First Amendment, “LGBT Dogma,” and Employment in America
 
First Amendment, “LGBT Dogma,” and Employment in America
Written By Laurie Higgins   |   09.16.14
Reading Time: 6 minutes

In this cultural moment in which half of Americans work in large corporations and the Internet disseminates information in the blink of a blinkered eye, and in light of the absolutist demands of homosexual activists for either ideological conformity or silence, what are the employment and First Amendment implications for theologically orthodox Christians?

The First Amendment guarantees the right of Americans to speak freely. This right was guaranteed in order to protect political speech without which Americans effectively lose their right to govern themselves.

Americans on both sides of the political aisle correctly assert that the right to speak freely does not guarantee the right to be free of consequences—which sounds reasonable enough.

It sounds reasonable until one notices how it’s working out in the sullied hands of homosexual activists and their ideological accomplices. The possibility that public speech on a controversial topic may result in unpleasant consequences is transmogrifying into the possibility that those who  express conservative views of homosexuality, “gender,” and marriage will have difficulty finding a job in America. “Progressives” are demanding submission to their subjective moral and political assumptions about homoeroticism and gender confusion or risk the loss of employment.

Large corporations infected by homosexual activism

Mozilla founder and CEO Brendan Eich lost his job following the revelation that he donated a pittance to the effort to protect true marriage in California. The amount of money is irrelevant. Even if he had donated $10 million to the campaign to stop the perversion of real marriage into faux-marriage, he should have been able to keep his job.

I can’t remember conservative groups pursuing a strategy that seeks to “influence” political opinion on controversial topics by targeting citizens’ employment. Did conservative groups ever demand the firing of someone who in his free time or with his own money expressed support for the redefinition of marriage?

Did defenders of life argue that CEO’s of large corporations who donate to “pro-choice”/anti-life causes be fired? And let’s remember that donating to such causes means advocating the right of one human to murder another human being.

Homosexuality-affirming activists believe that opposing the legal recognition of same-sex unions as marriages warrants firing because they presume such opposition is motivated by hatred. Protectors of life believe that preborn babies have an inherent right to live that is not lost simply because they are not fully developed, or because they suffer from physical abnormalities, or because they’re not wanted by their mothers. Conservatives believe that those who support legalized abortion are supporting murder, and yet they don’t demand that supporters of abortion be fired from their jobs. Perhaps in the twisted world of homo-activism, presumed hatred is worse than actual murder.

About half of Americans are employed by large corporations. According to an article in the Washington Post, “Over the past two decades….companies with more than 500 workers employed about 45 percent of the workforce yet contributed 65 percent of the jobs created since 1990.”

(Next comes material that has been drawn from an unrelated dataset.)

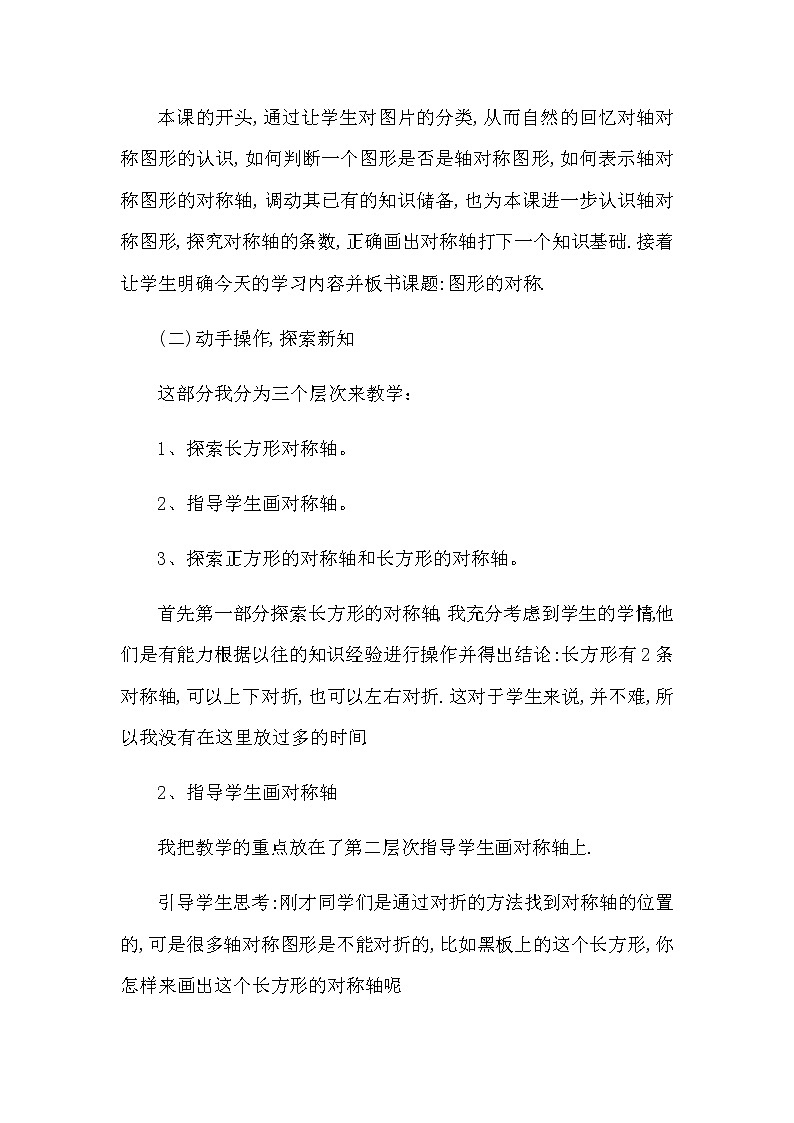 2021春苏教版数学四年级下册第一单元 平移、旋转和轴对称《轴对称图形的对称轴》说课稿03
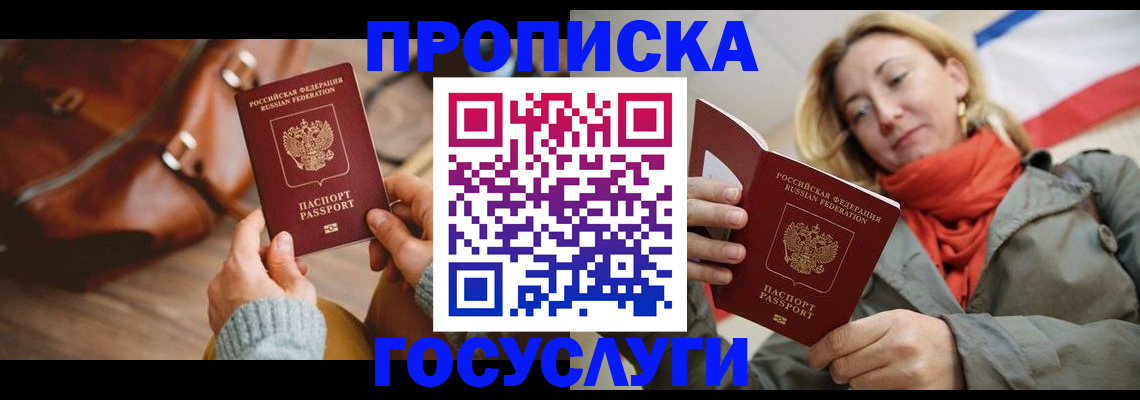 временная регистрация недорого в Дедовске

The New York Times writes this:

[I]f you define “small” as fewer than 500 people (as the federal government does, basically), you still find that half the work force is employed by large businesses. It’s even more stunning when it comes to payrolls: 57 percent of total compensation is paid out by companies of 500 or more employees, with most of that coming from the largest, those with at least 10,000 employees. And new research by the Treasury Department finds that small businesses—defined as those with income between $10,000 and $10 million, or about 99 percent of all businesses—account for just 17 percent of business income, and only 23 percent of them pay any wages at all.

Now that large corporations like Target, Apple, Nike, Facebook, eBay, Alcoa, Intel, and Morgan Stanley are taking formal, public positions in support of redefining marriage and are treating homoerotic desire (and gender confusion) as equivalent to behaviorally neutral conditions like race in their anti-discrimination policy, how long will it be before employment practices will take into account public statements in support of true marriage (or restroom usage policies that recognize biological differences)? These companies are not merely creating ad campaigns geared toward the purchasing practices of homosexuals; they’re filing amicus briefs in courts to influence judicial decisions.

Will corporate policies on sexual deviance affect First Amendment rights?

In the near future if an employee of Target or Apple (or a public high school) were to sign a petition or donate to a political campaign or organization that supports the view that marriage is a sexually complementary union, will her job be jeopardized? If she writes a letter to her local press expressing her view that marriage is inherently sexually complementary (or that public restrooms should correspond to objective biological sex), will she risk her employment? If someone forwards her letter to the busy beavers at Change.org who then start a petition urging Target to purge their organization of such a wicked letter-writer who surely must be motivated by animus that will make all lesbian, gay, bisexual, transgender, and gender-fluid patrons of Target  feel “unsafe,” will she be fired? (If “LGBT” people must be spared from ever feeling unsafe—by which they really mean uncomfortable—how do speech protections even work? And shouldn’t orthodox Christians whose biblical beliefs are central to their identity be similarly protected from hearing ideas that make them feel uncomfortable unsafe?)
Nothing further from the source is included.